Add Denormal prevention in engine code
Affects | Status | Importance | Assigned to | Milestone | |
---|---|---|---|---|---|
Mixxx |
Fix Released
|
Medium
|
Daniel Schürmann |
Bug Description
It looks like we need to add it, because processing denormals may cost 100 times more CPU.
Daniel Schürmann (daschuer) wrote : | #1 |
Daniel Schürmann (daschuer) wrote : | #2 |
Changed in mixxx: | |
milestone: | none → 1.12.0 |
Owen Williams (ywwg) wrote : | #3 |
I removed out denormal code earlier this year because it caused horrible audible spikes in the EQ filters as the wave approached zero due to waveform discontinuity. Partially this was because our denormal code was way outside the limits of where this cpu penalty is actually applied.
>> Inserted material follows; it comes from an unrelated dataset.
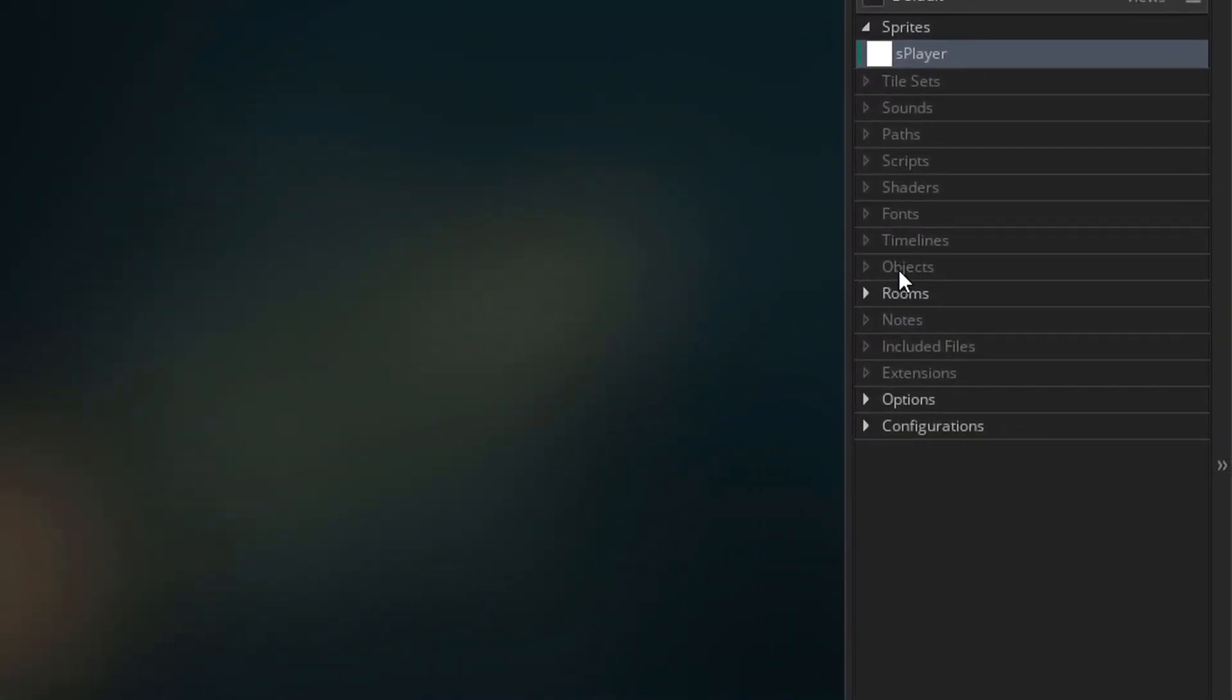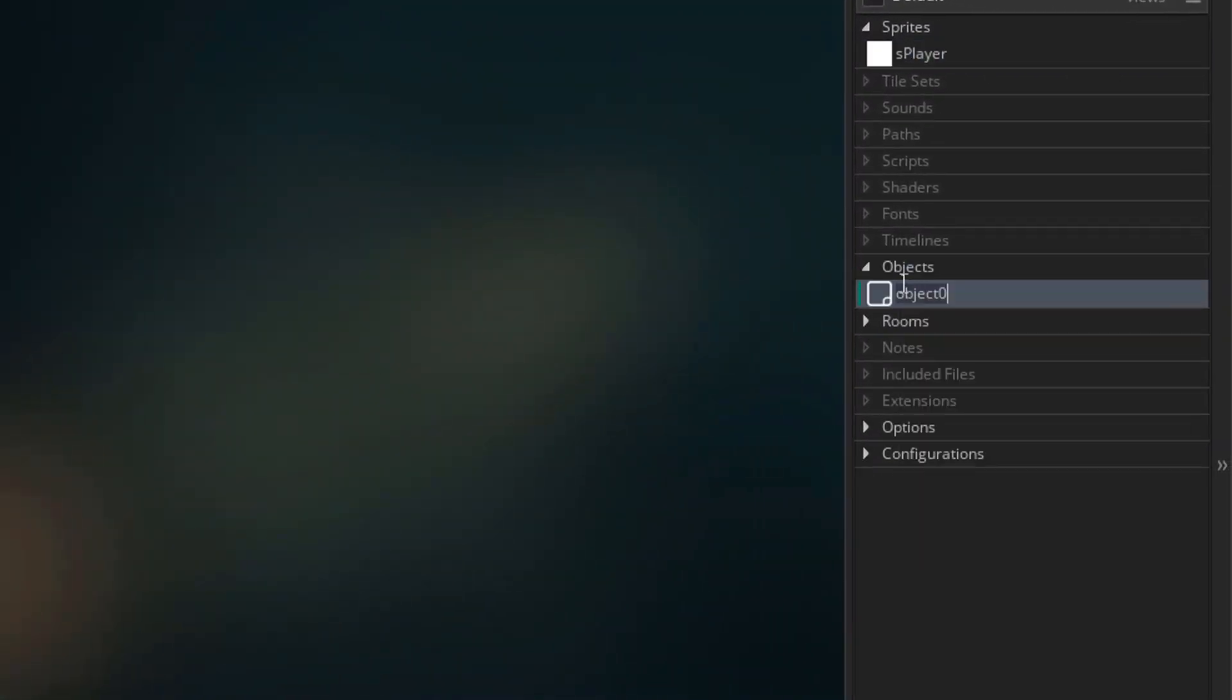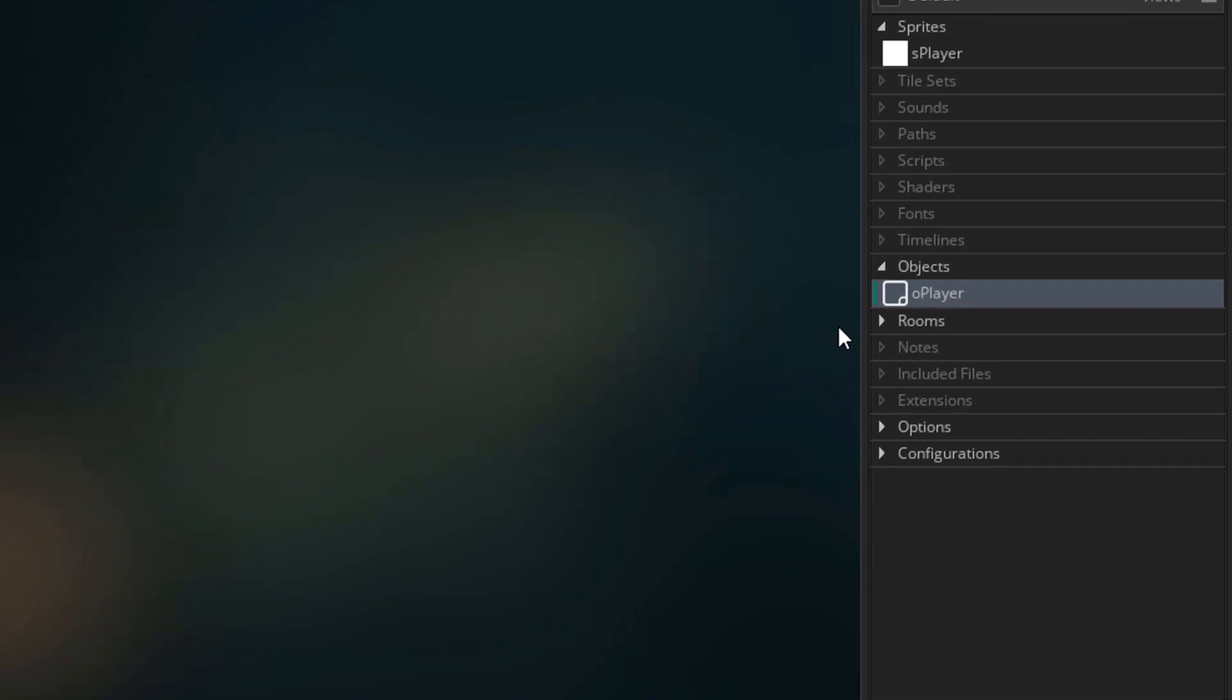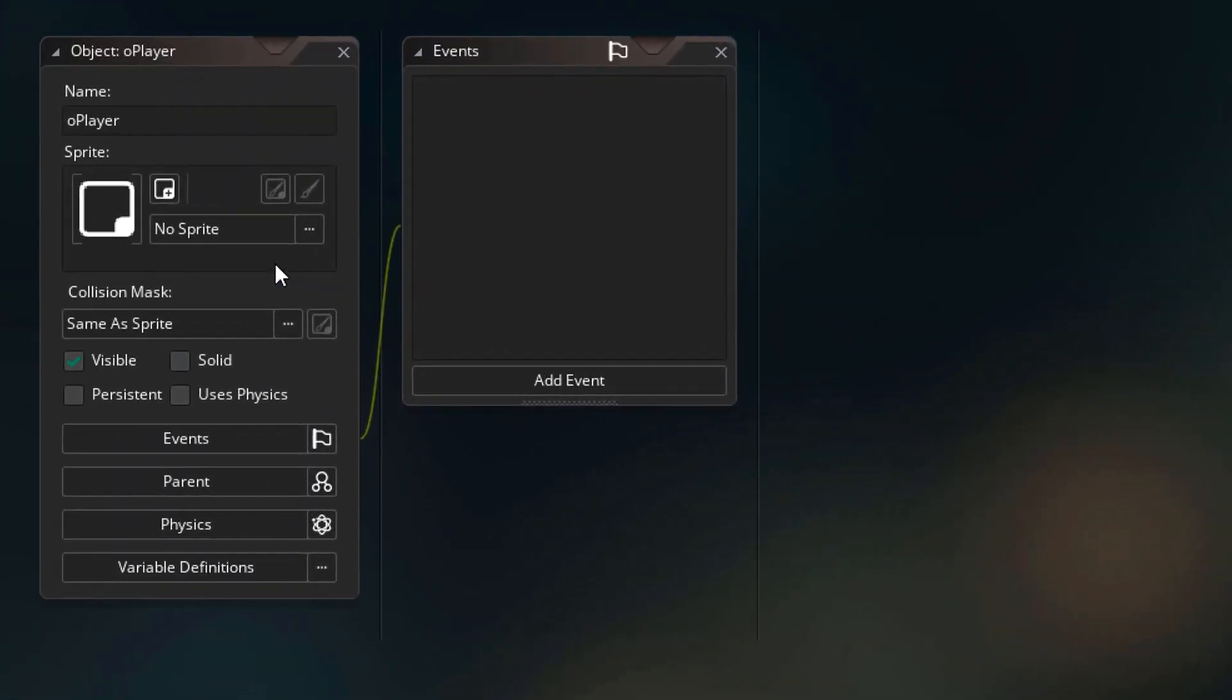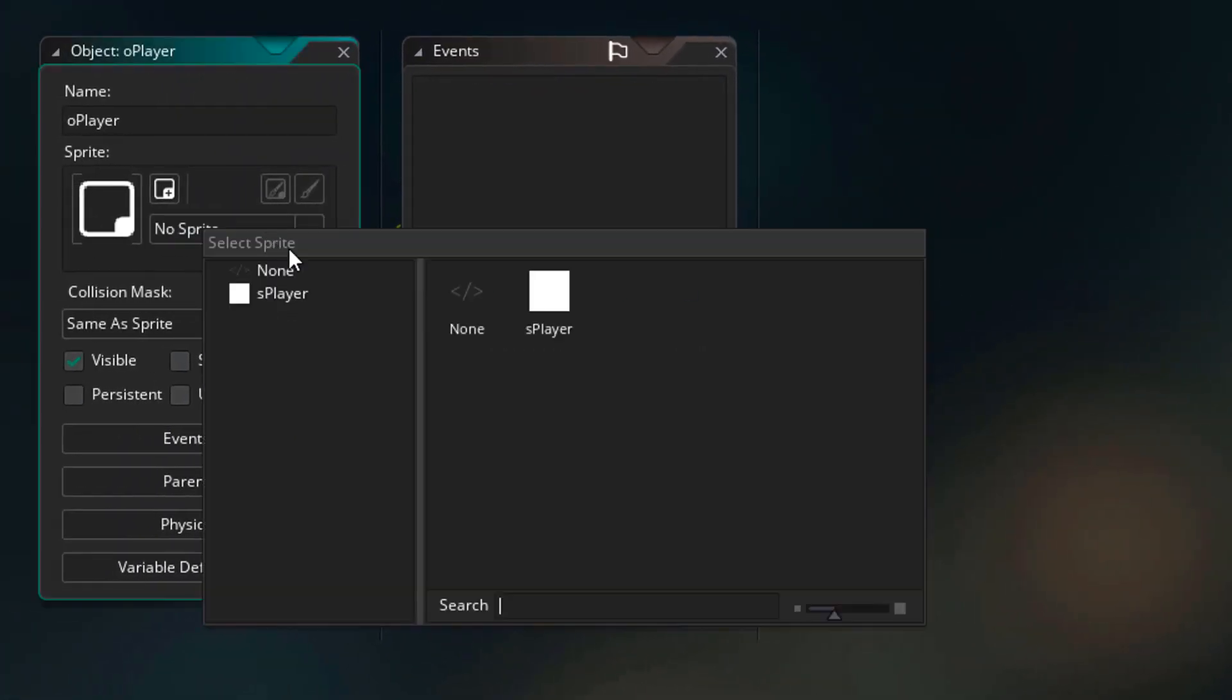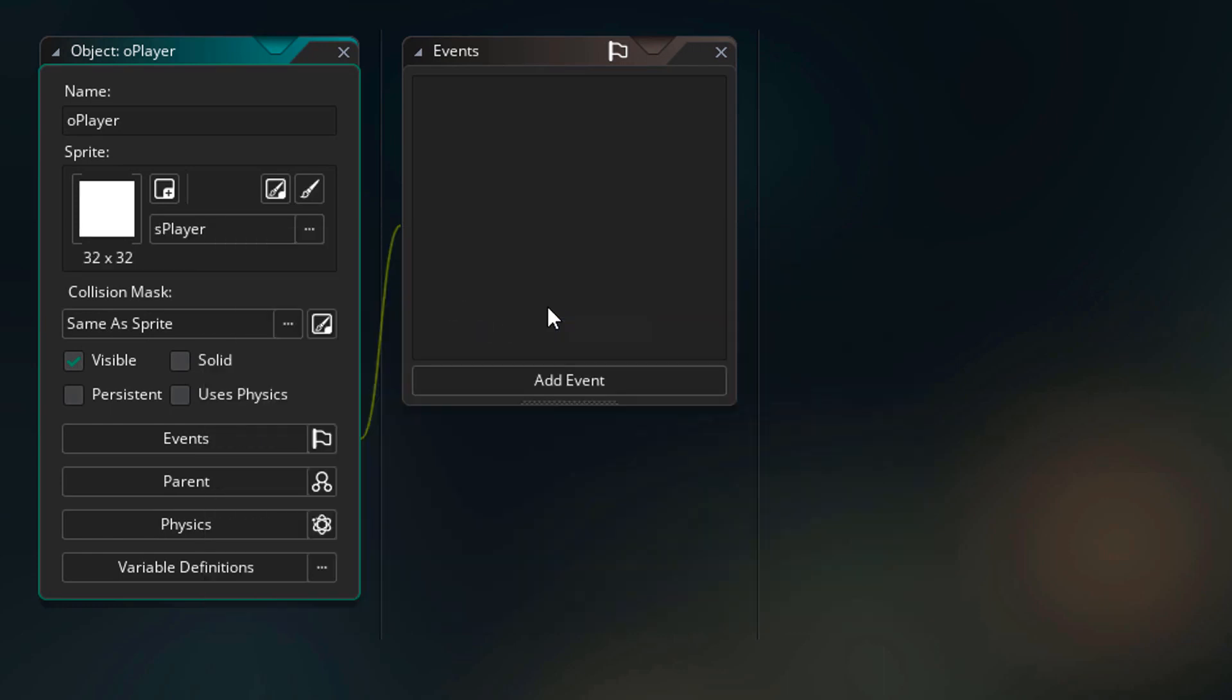Now I'll go to objects and create one. I'll name it O player. In the object, I'll click here and assign this sprite to this object.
When RJ and I looked closer, we already use a gcc flag to disable ultra-small values anyway, so the compiler is denormaling for us.
Owen Williams (ywwg) wrote : | #4 |
If you do want to pursue this change, I would require a battery of tests that show that none of our filters are thrown off by the change in the sound wave. But I would urge you to confirm that it's actually a problem by demonstrating the CPU impact first before writing a bunch of new code.
Daniel Schürmann (daschuer) wrote : | #5 |
Can you recall which gcc Flag it is? I cannot find it.
http://
"
Luckily, there is an instruction to change the CPU’s behaviour: instead of storing denormalized values, these can simply be flushed to 0. Unfortunately, there is no standard library function for this. On Visual C++, we can do this:
_controlfp(_MCW_DN, _DN_FLUSH);
On gcc, we need some inline assembly. This was my first x86 assembly ever:
int mxcsr;
__asm__("stmxcsr %0" : "=m"(mxcsr) : :);
mxcsr |= (1 << 15); // set bit 15: flush-to-zero mode
__asm__("ldmxcsr %0" : : "m"(mxcsr) :);
"
RJ Skerry-Ryan (rryan) wrote : | #6 |
Hm, I had forgotten about that Owen:
The flag is -ffast-math -- according to the GCC docs here it enables flush-to-zero on some platforms though it isn't specific about which ones:
https:/
RJ Skerry-Ryan (rryan) wrote : | #7 |
RJ Skerry-Ryan (rryan) wrote : | #8 |
Owen Williams (ywwg) wrote : | #9 |
Here's the other documentation I was using -- ffast-math + sse flags: http://
Daniel Schürmann (daschuer) wrote : | #10 |
the filter code suffers denormals.
I have checked this by adding
if (!std::
qDebug() << "denormal";
}
Changed in mixxx: | |
status: | New → Confirmed |
Daniel Schürmann (daschuer) wrote : | #11 |
@RJ: Did you use a sse3 build?
It might be possible that your code does nothing on default builds
see:
https:/
Owen Williams (ywwg) wrote : | #12 |
The last time someone tried to "fix" denormals, it caused major audio artifacts. If we're going to try to do this again, we're going to need:
* proof that denormals are causing detectable CPU hits
* proof that the fix does not cause audio artifacts.
This work should wait for post-release.
Changed in mixxx: | |
milestone: | 1.12.0 → 2.1 |
Daniel Schürmann (daschuer) wrote : | #13 |
@Owen: What did you do last time to flush denormals?
I have just read that denormals are flushed by default on Mac Os audio callback.
So it can't be that bad.
@RJ, can you verify that?
Owen Williams (ywwg) wrote : | #14 |
The previous fix involved checking to see if the value was within abs(.000001) or some incredibly insufficiently small number, and just set the value to 0 if so It was a really bad fix that was not tested well
Daniel Schürmann (daschuer) wrote : | #15 |
It look like we can rely on this:
http://
@RJ, what does it men for the default Mixxx optimization flags?
Daniel Schürmann (daschuer) wrote : | #16 |
My results:
Thread model: posix
gcc version 4.8.2 (Ubuntu 4.8.2-19ubuntu1)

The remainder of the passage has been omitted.